A number of cities overseas have already implemented congestion pricing. These include London, Stockholm and Gothenburg in Sweden, and Singapore.
The benefits reported for these cities are compelling. In the 12 years since London started the scheme, traffic congestion was reduced by around 10% in the central city area. This included a 34% drop in private cars entering the area, and 28% increase in cyclists. The scheme also resulted in a 16% reduction in emissions within the charging zone, amounting to 30,000 tonnes annually. A recent study has also found that the program resulted in reducing traffic collisions by 40% between 2000 and 2010. In addition to saving money and lives, congestion pricing is also reported to raise more than $300 million every year which would go towards improving the city’s transport services.
In Stockholm, the congestion pricing scheme removed 20% of peak hour vehicles. In the densely populated city centre, emissions decreased by around 10-14%. Sweden’s lesser-known congestion charging program in Gothenburg is also reported as a big success. The scheme was effective in reducing traffic by 12% during the peak hours, with many travellers switching to public transport.
Singapore’s experience with congestion pricing dates back to 1975. This was in the form of an Area License System (ALS) which was based on a flat rate charge. The ALS reduced traffic by 45% and vehicle crashes by 25%. The ALS was replaced by an electronic road pricing system in 1998 resulting in a further 15% decrease in traffic.
There are some encouraging signs from the Turnbull government which recently announced it will accelerate work with the states and territories to investigate the benefits, costs and potential next steps to introduce road pricing for all vehicles. This is a good start and an acknowledgement that the current road funding model is both inequitable and unsustainable. It is also a recognition of the potential benefits for governments, taxpayers and road users in moving towards a user-pay system.

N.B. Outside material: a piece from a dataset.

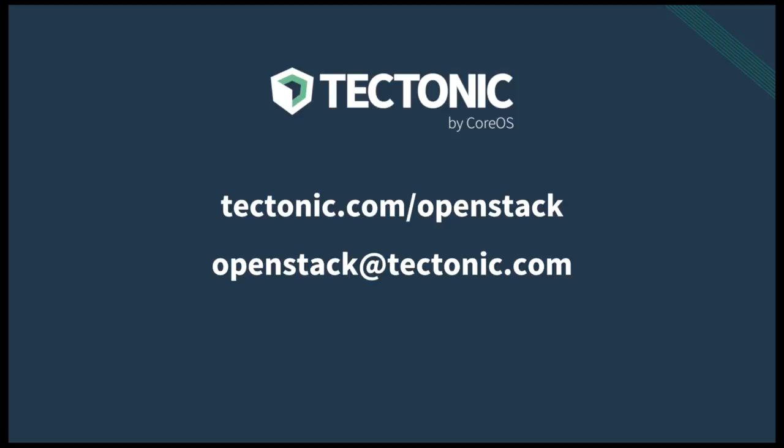Thank you for viewing this. If you'd like to find out more information, feel free to follow up with one of these locations.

The overseas success stories provide a unique insight into those cities’ remarkable journeys to implementing congestion charging. Although the schemes initially proved to be decisive and controversial, more people have gradually become accepting of the approach particularly as the benefits became more visible.
In Australia, the implementation of an effective congestion pricing scheme should now transcend this debate and move quickly towards real-world trials and extensive consultation and engagement with road users. This sort of approach will give our cities an opportunity to reduce congestion, modernise their infrastructure and help drive economic growth and create jobs for the 21st century.
Hussein Dia is an Associate Professor at Swinburne University of Technology. He is a Civil Engineer with leadership credentials in Intelligent Transport Systems (ITS). He has more than 100 publications in this field including a book on ITS and driver behaviour. He is also Editor of the international journal IEEE Transactions on ITS.